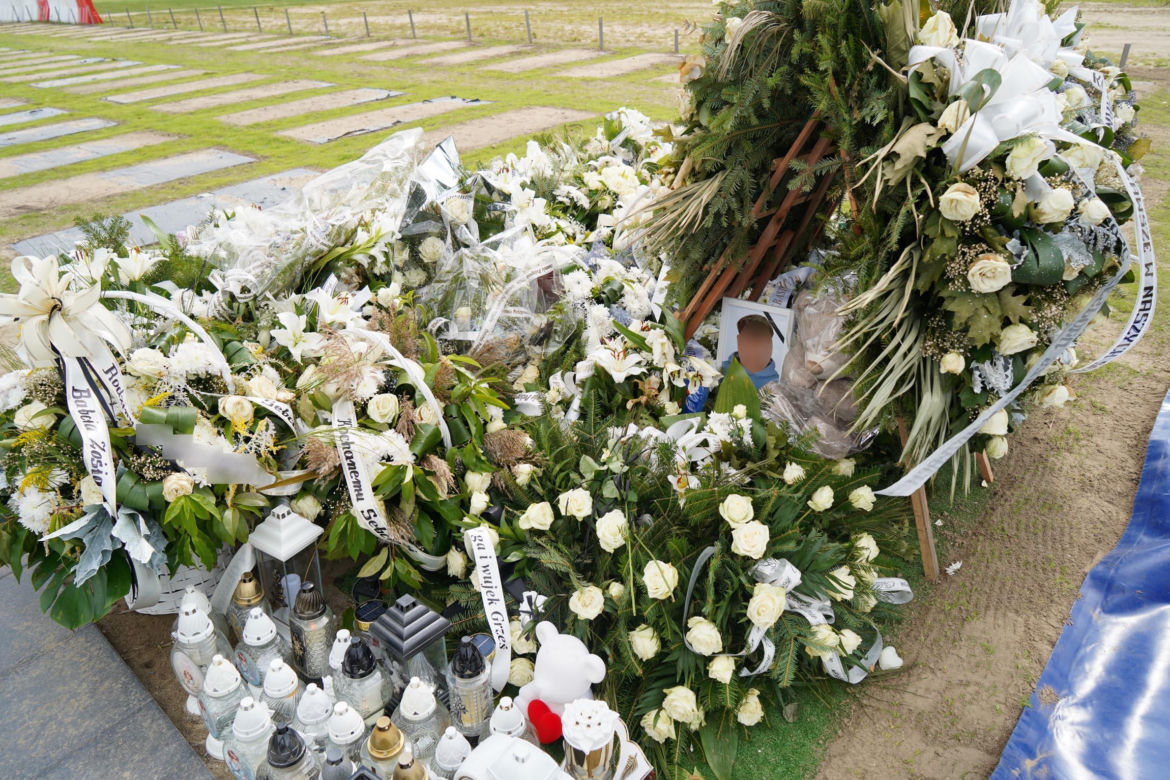 Sebastian miał tylko 14 lat, Anielka i Jaś byli jeszcze młodsi. Zginęli w potwornych wypadkach na torach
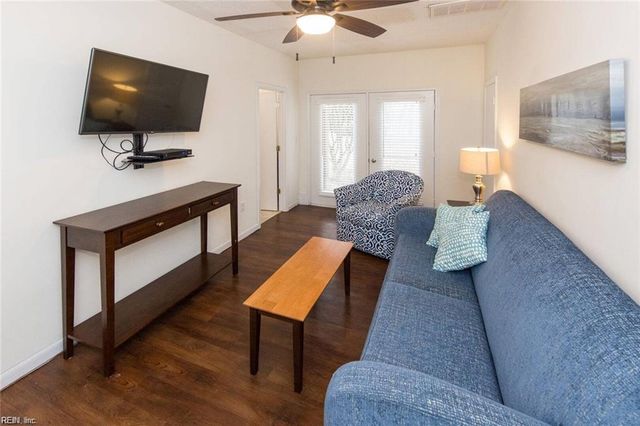 218 66th St Apt A, Virginia Beach, VA 23451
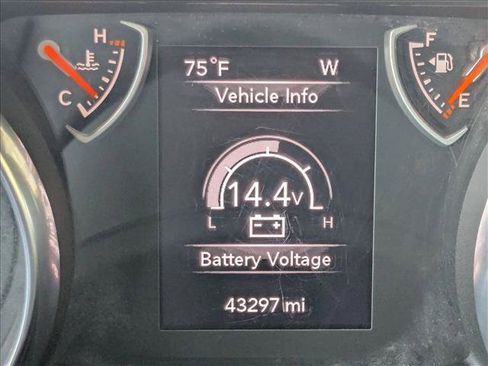 Used 2018 Jeep Wrangler Unlimited Sport AWD/4WD image 11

= Requirement =
In copying the listing, reproduce each line exactly and omit the pictures.

= Response to the exercise =
 Sebastian miał tylko 14 lat, Anielka i Jaś byli jeszcze młodsi. Zginęli w potwornych wypadkach na torach
 218 66th St Apt A, Virginia Beach, VA 23451
 Used 2018 Jeep Wrangler Unlimited Sport AWD/4WD image 11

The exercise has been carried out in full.